When we plug these values into the discriminant formula, we get: \[6.5^2 - 4(0.23)(4.3) = 42.25 - 3.956 = 38.294\].
Why is the discriminant important?

• Helps determine the nature of the roots (real or complex).
• Informs us whether a quadratic equation has two distinct roots, one repeated root, or no real roots at all.

In this case, since our discriminant is positive (\(38.294\), it shows us that there are two distinct real roots.

The quadratic formula allows us to find the roots of any quadratic equation. It is given by: \[x = \frac{-b \pm \sqrt{b^2 - 4ac}}{2a}\].
Using our example \(0.23x^{2} + 6.5x + 4.3 < 0\), we already know that: \(a = 0.23\), \(b = 6.5\), and \(c = 4.3\). Substituting these values into the quadratic formula, we get:
\[ x = \frac{-6.5 \pm \sqrt{38.294}}{2 \cdot 0.23} \ = \frac{-6.5 \pm 6.19}{0.46} \.\].
Solving this, we find the roots to be:

• \(x_1 = \frac{-6.5 + 6.19}{0.46} = -0.67\)
• \(x_2 = \frac{-6.5 - 6.19}{0.46} = -28.85\)

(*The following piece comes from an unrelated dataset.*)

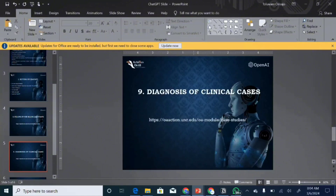ChatGPT is not entirely accurate, but if you are a medical student and need a sense of direction — something to help out a bit — then ChatGPT is what we're about. So in this particular video, we'll dive into how to use ChatGPT for diagnosis of clinical cases.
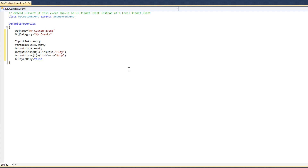Now we have created the entirety of our event node — everything needed for our custom event. To have it appear in Kismet, compile the code using the UnrealScript compiler, then go into the UDK editor and test the menu options in Kismet to add our event node to the Kismet graph. That completes our event class. The next class we are going to create will contain all of the functionality to handle the UnrealScript console commands and to activate this event.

These roots are essential because they help us determine the intervals to test for our inequality.

Interval notation is a way of representing subsets of the real number line. It is particularly useful when expressing the solution set of inequalities.
We use different types of brackets to indicate whether endpoints are included or not:

• \( (a, b) \): a and b are not included.
• \( [a, b] \): both a and b are included.
• \( (a, b] \): a is not included, but b is.
• \( [a, b) \): a is included, but b is not.

In our example \(0.23x^{2} + 6.5x + 4.3 < 0\), we found the roots to be \(x_1 = -0.67\) and \(x_2 = -28.85\).
These roots divide the number line into three intervals:

• \( (- infinity, -28.85) \)
• \( (-28.85, -0.67) \)
• \( (-0.67, infinity) \)

Upon testing these intervals, we determined that the quadratic inequality is true in the interval between the roots. Thus, the solution set in interval notation is:
\( (-28.85, -0.67) \). This notation is concise and clearly represents the range of x-values that satisfy the inequality.